* **What to produce**:
Pictures are to be omitted; everything else in the data must be transcribed exactly.

* **Data excerpt**:

----

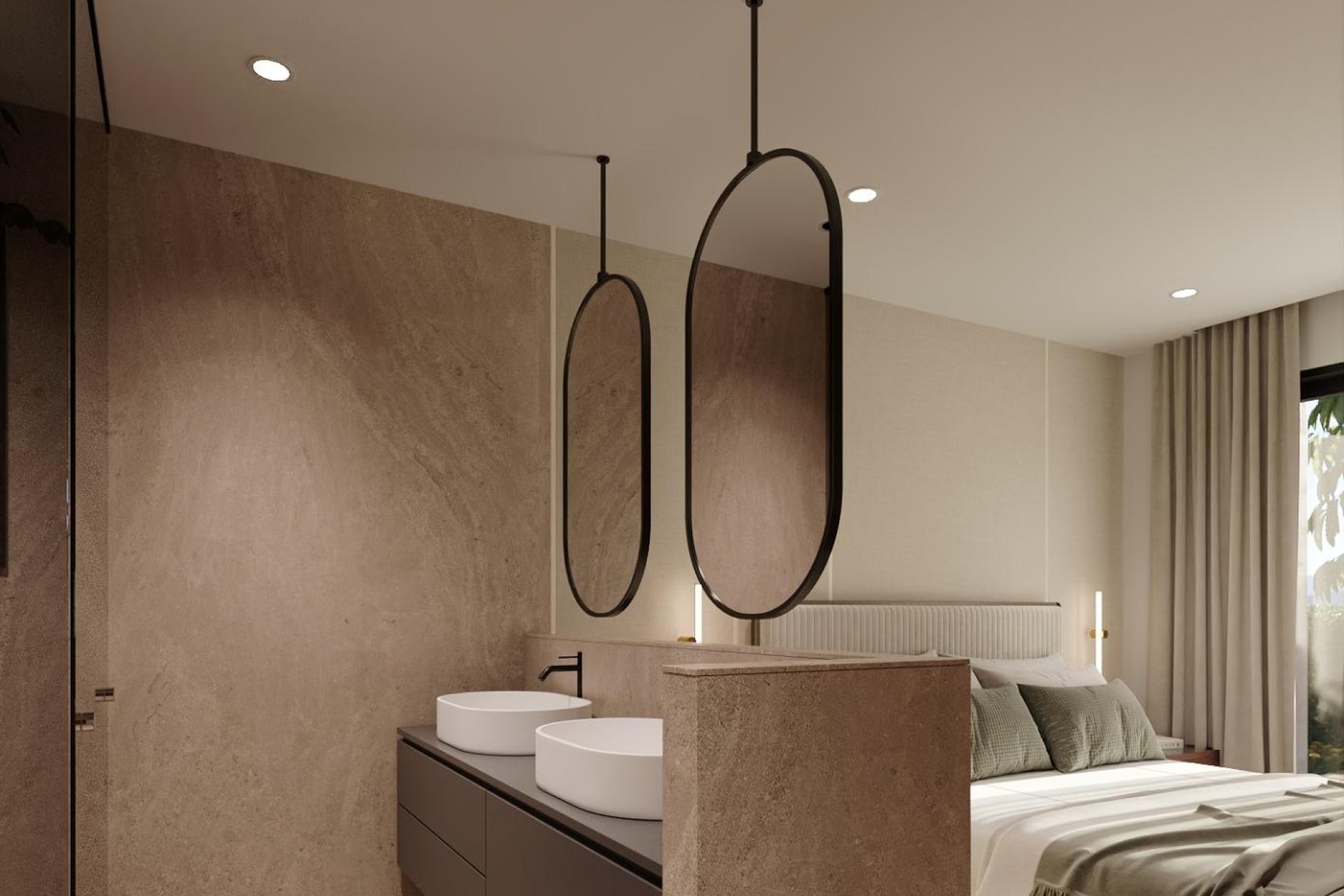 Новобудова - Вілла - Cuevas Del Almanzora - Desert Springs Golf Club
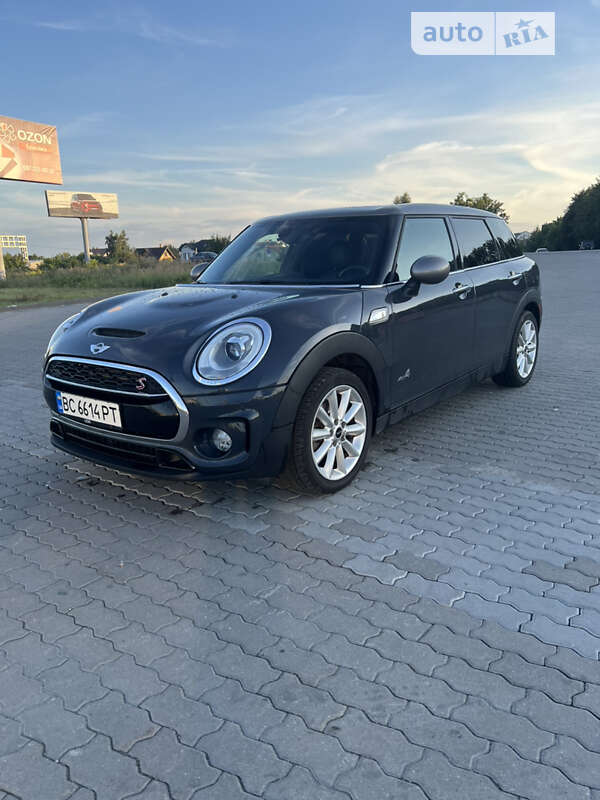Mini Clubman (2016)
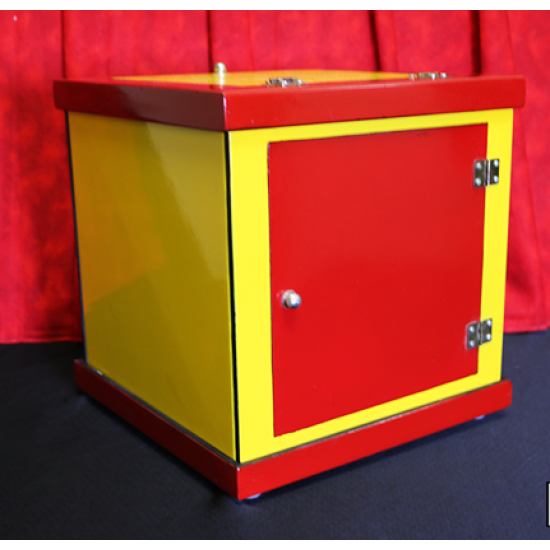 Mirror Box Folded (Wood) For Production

----

* **Answer below**:
 Новобудова - Вілла - Cuevas Del Almanzora - Desert Springs Golf Club
Mini Clubman (2016)
 Mirror Box Folded (Wood) For Production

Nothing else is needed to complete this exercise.